• _Supplied material_
"""

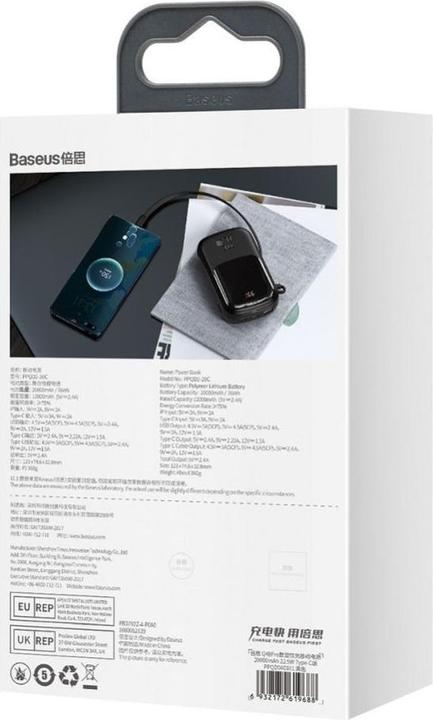 Actual product image Baseus Powerbank Qpow PRO with cable, 20000mAh, 22.5W (Black) (20000 mAh, 22.50 W, 76 Wh)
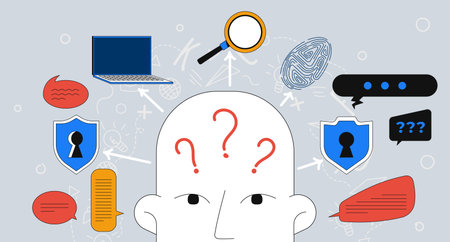 Digital identity and cybersecurity 2D mixed media illustration. Online data protection. Internet safety. Secure communication cartoon conceptual collage art. Vector flat concept on color backgroundのイラスト素材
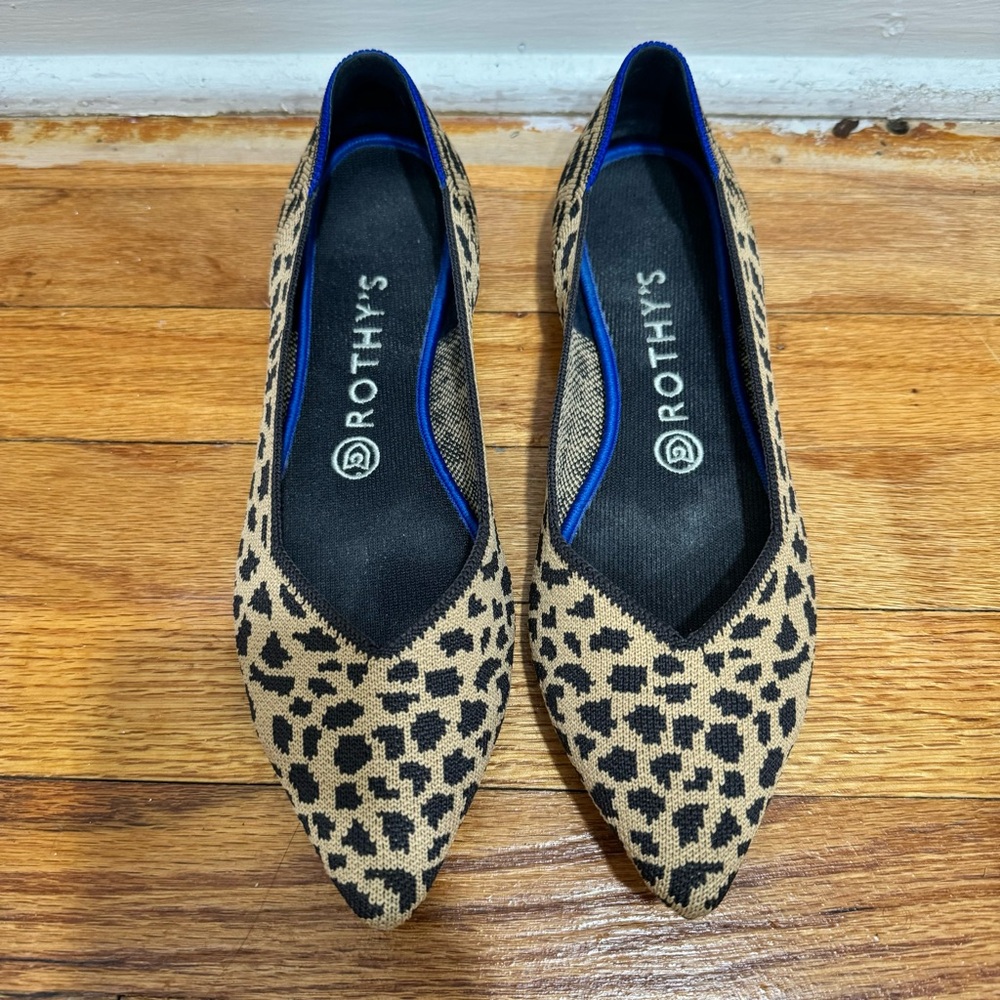 Rothy’s The Point Leopard Print Flats Size 8.5 Tan Brown Black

"""

• _Work to complete_
Skip the images and set down the rest of the data unchanged.

• _Answer to this exercise_
 Actual product image Baseus Powerbank Qpow PRO with cable, 20000mAh, 22.5W (Black) (20000 mAh, 22.50 W, 76 Wh)
 Digital identity and cybersecurity 2D mixed media illustration. Online data protection. Internet safety. Secure communication cartoon conceptual collage art. Vector flat concept on color backgroundのイラスト素材
 Rothy’s The Point Leopard Print Flats Size 8.5 Tan Brown Black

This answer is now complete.